Last week’s news that AbbVie (NYSE: ABBV) will pay $21 billion, or $261.25 per share in cash and stock, for Pharmacyclics (NasdaqGS: PCYC), a maker of cancer treatments, in what represents the largest takeover of a biotech company in 15 years underscores a couple of points.

First, valuations are racing higher for the biotech industry and its takeover targets. Second, makers of cancer therapies and treatments, are commanding the higher end of those lofty premiums.

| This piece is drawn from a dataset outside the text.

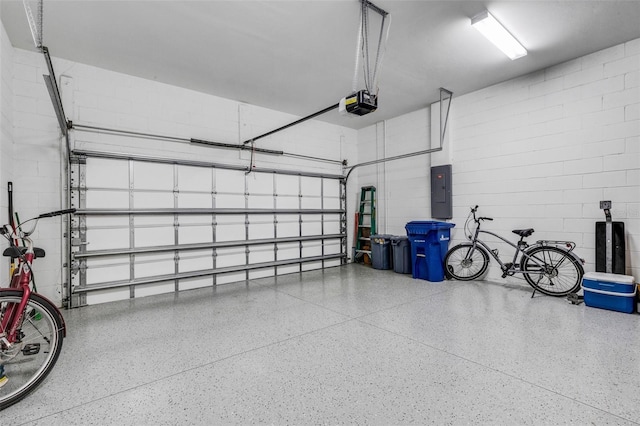 garage featuring electric panel and a garage door opener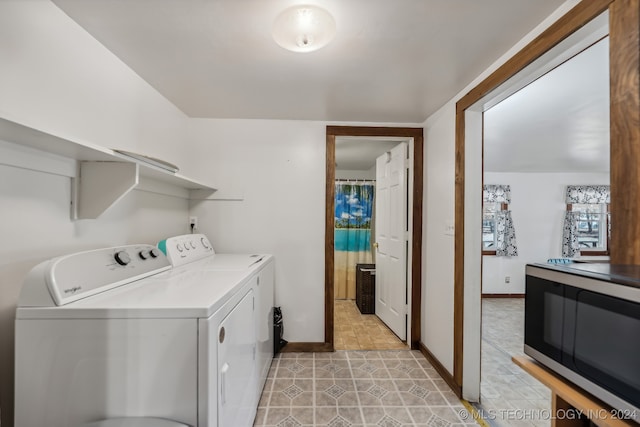 washroom with washing machine and dryer and light tile patterned floors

As has been documented, several biotech exchange traded funds are intimately levered to the oncology, a group that includes the $747 million Market Vectors Biotech ETF (NYSEArca: BBH). BBH is one of the more straightforward funds on this list as it is dominated by biotech’s “big four.” Gilead Sciences (NasdaqGS: GILD), Amgen (NasdaqGS: AMGN), Celgene (NasdaqGS: CELG) and Biogen Idec (NasdaqGS: BIIB) combine for over 41% of BBH’s weight. [M&A Puts This Biotech ETF in Focus]

Gilead, which recently announced a dividend and a $15 billion buyback, and Biogen each have oncology-related therapies. Amgen and Celgene have four a piece. Among other cancer treatments, Amgen makes Prolia, which was developed to help patients suffering from bone marrow loss attributable to hormonal cancers. Celegene’s oncology lineup includes Revlimid, which treats cancers of the blood. [Gilead Could Goose Biotech ETFs]

However, those factoids merely scratch the surface of BBH’s oncology exposure. Not only does the ETF feature a 5% weight to Pharmacyclics, but eight of the ETF’s top 10 holdings, a group that combines for over two-thirds of the ETF’s weight, are involved with oncology treatments.